Mixed signals emerged from the jobs market today as unemployment fell by 24,000 but those forced to take part-time work hit a record high and a north-south jobs divide widened.
The number of unemployed dropped to 2.49 million in the three months to July, helping nudge the jobless rate to 7.7% from 7.8%, figures from the Office for National Statistics (ONS) showed.
That drove the pound to a seven-month high against the dollar as markets cast doubt on Bank of England governor Mark Carney's new "forward guidance" policy, which pegs rate rises to unemployment.
The so-called claimant count - the number claiming jobseeker's allowance - fell by 32,600 in August to 1.4 million.
July's claimant count was also revised lower, and the combined 68,900 fall in claimants in July and August was the biggest two-month drop since June 1997.
The Government insisted the economy is "turning the corner" as the number of people in work increased by 80,000 in the quarter to July, rising to 29.84 million, hitting another record high as the population continues to swell.
But the continued squeeze on household incomes was highlighted by a 1.1% increase in average weekly earnings between May and July versus a year earlier. Pay continues to lag behind inflation, which is running at 2.8%.
The number of people working part-time because they cannot find a full-time job increased by 25,000 in the quarter to 1.45 million - the highest since records began in 1992. It has doubled over the past five years, the ONS said.
And areas such as the North East and North West continued to see unemployment rise - up 5,000 and 13,000 respectively compared with the previous quarter.
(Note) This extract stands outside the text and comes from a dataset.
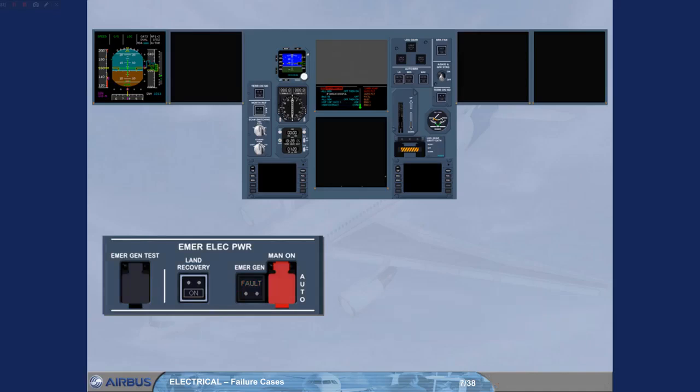Observe that the EMERGEN light has disappeared. The emergency generator is now running and supplying the network. Note: the captain's ND would have been restored if the green hydraulic system was supplied by an engine-driven pump instead of the RAT.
By contrast, there were declines of 29,000 in the South East and 7,000 in London. Unemployment also fell in the East Midlands, the South West, Wales and Northern Ireland.
The North East has UK's highest jobless rate at 10.4%, compared with a 5.8% unemployment rate in the South East.
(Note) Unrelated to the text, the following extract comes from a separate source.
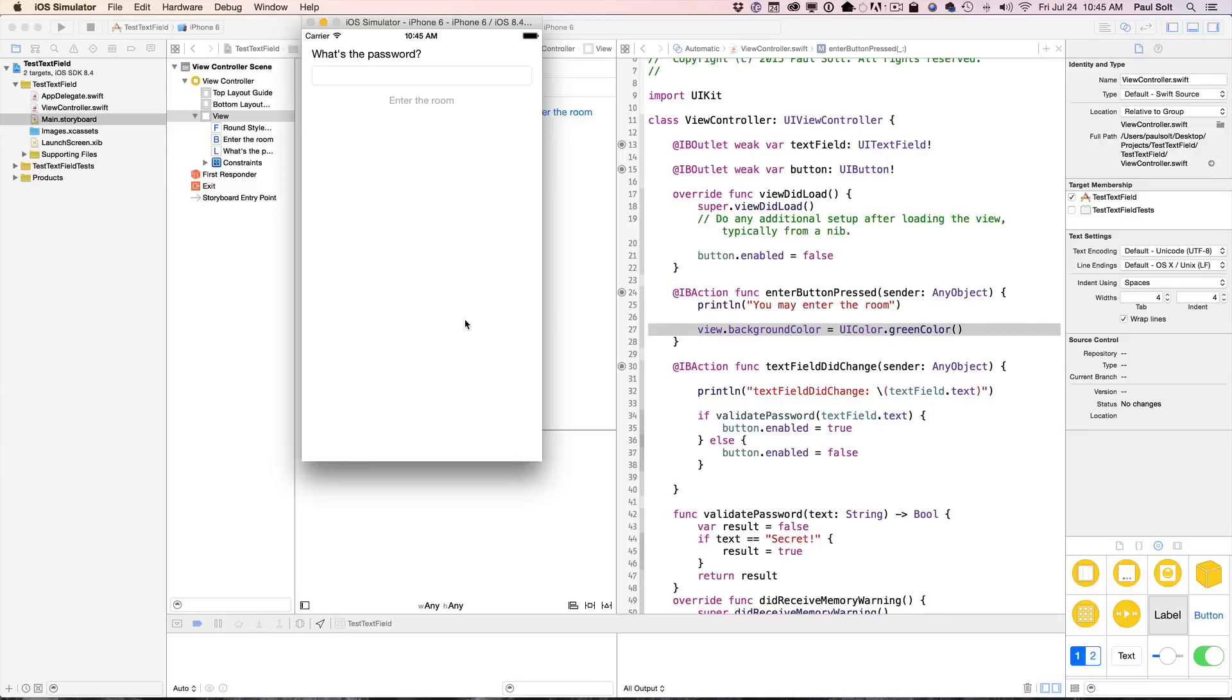Hi, this is Paul Solt from iPhoneDev.TV. I'm going to do a Swift tip here.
The figures also showed continuing pressure on the public sector, where the number of workers fell 34,000 in the three months to June to 5.67 million. The total public sector workforce has fallen 104,000 on a year earlier.
Private sector workers rose 114,000 in the quarter to July, hitting 24.17 million, and have increased 380,000 over the year.
Youth unemployment also remains stubbornly high, with the number of jobless 16 to 24-year-olds rising by 9,000 in the three months to July to hit 960,000.
Employment Minister Mark Hoban insisted: "This is a really encouraging set of figures, with the number of people in work rocketing by 80,000 in only three months - a rise driven entirely by a growth in full-time jobs.
"The private sector has created jobs for 1.4 million more people under this Government, and there are now more people employed in the private sector than ever before."
But TUC general secretary Frances O'Grady said: "Despite the Chancellor's boasts this week, austerity is continuing to cause damage and we are far from a strong and sustained jobs recovery.
"While the headline figures show small improvements, youth employment has fallen sharply and long-term unemployment is still rising. There are also still record numbers of people trapped in involuntarily part-time work, with underemployment continuing to soar.
"Across the economy ordinary people are yet to feel the benefits of tentative growth, with wages rising around three times slower than prices."
The unemployment rate has taken on new significance after the Bank said it will not consider raising interest rates from their record low until it falls to 7% - which it forecasts will take around three years - barring a spike in inflation.
Borrowing costs have been rising as markets speculate the Bank will lift rates sooner.
Martin Beck, UK economist at Capital Economics, said the jobs market appears to be "fully sharing in the economy's momentum". But he said with plenty of scope to improve productivity, it should take a long time for the jobless rate to fall to 7%.
He said: "Although employment rose strongly, more timely evidence from the recent activity surveys suggests that firms are responding to higher demand more by boosting productivity than taking on new workers."
Kathleen Brooks, UK research director at Forex.com, added that the Bank " may not be losing too much sleep" as the jobless statistics show pockets of weakness.
David Kern, chief economist at the British Chambers of Commerce, said the figures show that the private sector is driving the recovery.
"While it is concerning that there were increases in youth unemployment and the long-term unemployed, it is pleasing that the number of those claiming benefits continues to fall," he said.